Praise Aspirationally. Levi throws a great banquet with all the wrong guests... Jesus’s disciples aren’t ascetic enough... Jesus responds to accusations with “Look, we’re doing the best we can with the time we have.” It’s not a huge, triumphal claim; it’s a right-sized hope in God’s coming redemption. “Maybe...all is not lost.”
Honor Your Ancestors (Maybe Not All of Them). Think about where you came from. For most of us, there’s a wide variety of good, bad, and ugly in our heritage. Jesus is accused of not honoring the ancestors’ teachings; his replies show that he’s discerning what he takes and what he leaves behind from the history he inherits.
Lament Honestly. The “Sermon on the Plain” is noticeably more grounded than Matthew’s version. Jesus here attends to the material condition of his followers’ lives, and dares to speak the truth about that. He says God knows it’s true, and has in mind a reversal of fortune that will honor the truth of their daily experience of lack. Carissa Robinson is preaching.
Be the Neighbor. How are we meant to comport ourselves in a world where our neighbors scorn our existence? When we are made to feel unwanted, even unsafe, by our fellow citizens? Jesus has an idea about that: love, blessing, non-judgment. This is likely a life-long practice, quite impossible to get quickly “correct” and move on.
Cross a Boundary. The centurion (Roman officer) should not care about his enslaved person. Jesus should not care about the centurion. But here they all are, caring about each other across the boundaries humans make. What if a deliberate demographic crossover (generational, class, language, and otherwise) could make more room for God to work in the synergy? Carissa Robinson is preaching.

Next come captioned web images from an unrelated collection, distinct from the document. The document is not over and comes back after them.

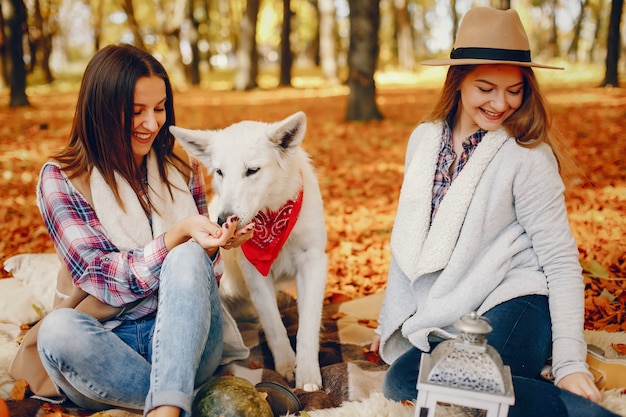 Chicas guapas se divierten en un parque de otoño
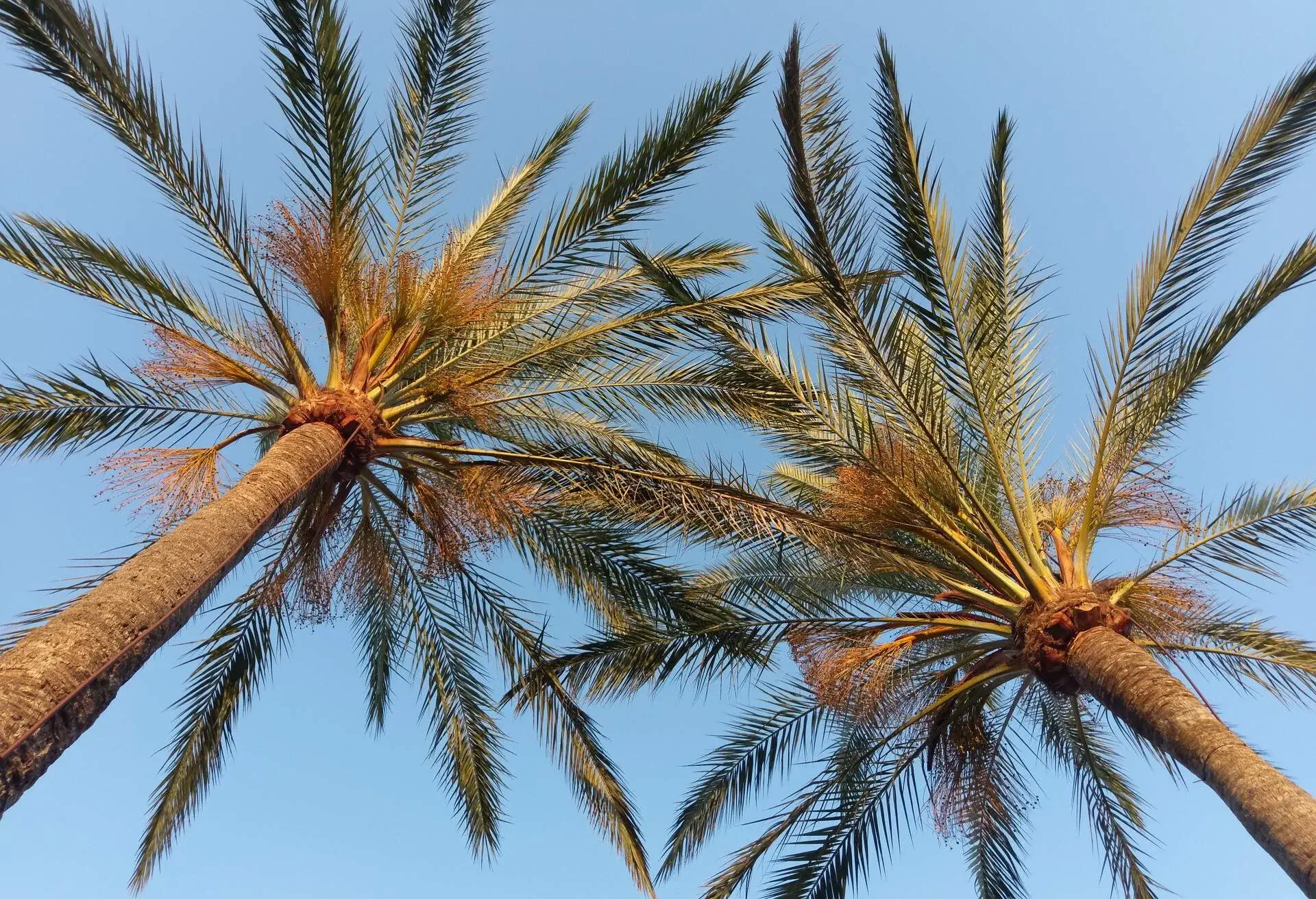 DEST_SPAIN_MALLORCA_CALA_MILLOR_THEME_BEACH_PALM_TREES_GettyImages-1384748092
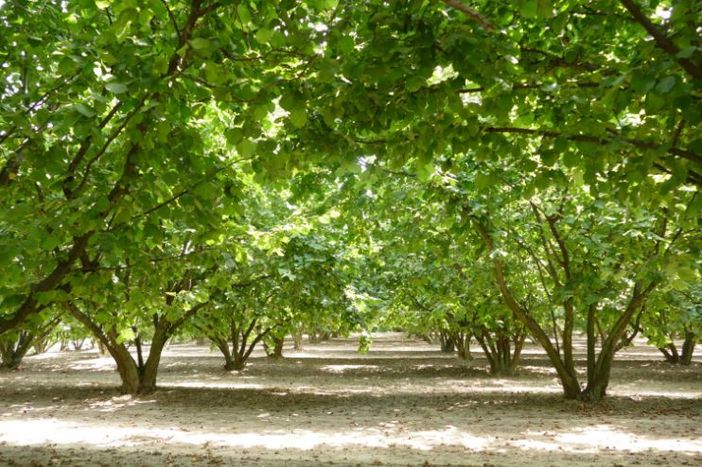 Verde pubblico, Ambiente Asti interroga l'amministrazione sul Piano del Verde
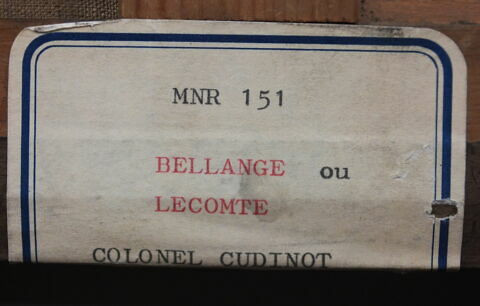 Revue militaire au Champ-de-Mars sous la Restauration, image 12/14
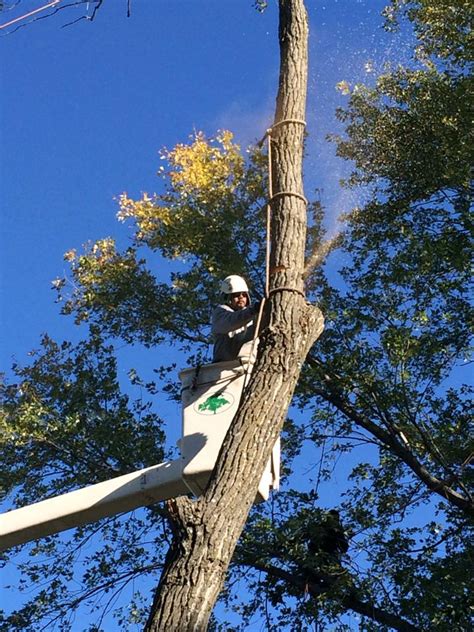 Tree Removal & Trimming Fawn Creek Ks 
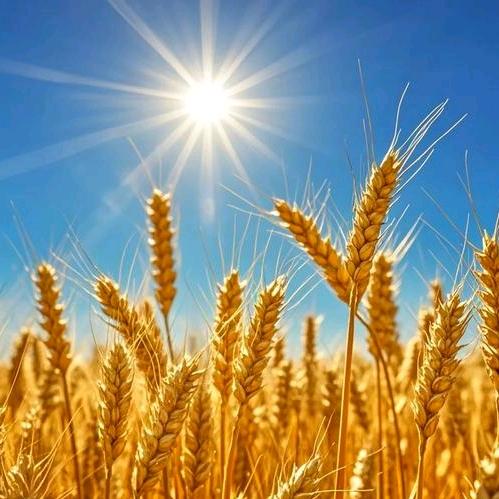 看看😘吸金小主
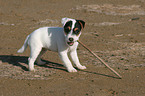 Jack Russell Terrier Puppy nobbles at stick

Speak Truth to Power. John the Baptist reappears in this gospel from a prison cell, conducting a conversation with Jesus via messengers. Jesus follows up with a deeply complimentary description of John’s brave work, acknowledging the reality that the gospel of God’s reign is not good news for everyone (i.e. those in power with so much to lose).
Be in Your Body. Jesus points out to his host that his body could have used care – his head, his hands, his feet were all in need of gentle attention. The uninvited woman who gave care to his body used her body for his sake, kneeling to wipe his feet with her hair. It’s a sensual service for a sensual savior who cares for his fully embodied self. No less are we meant to appreciate and occupy our sensual, beautiful, exhausted bodies.
Love the Earth. Jesus’s first parable (in Luke) is about growing food – the experience of planting grain in plowed earth, watching it grow, observing where it thrives and where it doesn’t. Of course it’s metaphorically about the reign of God – in whom it takes hold and in whom it doesn’t. And it’s meant to be at least a little bit funny; the farmer in the story isn’t a very careful one. But the parable works because Jesus’s audience was agrarian; they were close to the food production cycle. In the Information Age we have to be more deliberate to feel ourselves connected to the earth: go outside, “touch grass,” be stirred for a bird (Hopkins, “The Windhover”), grow something.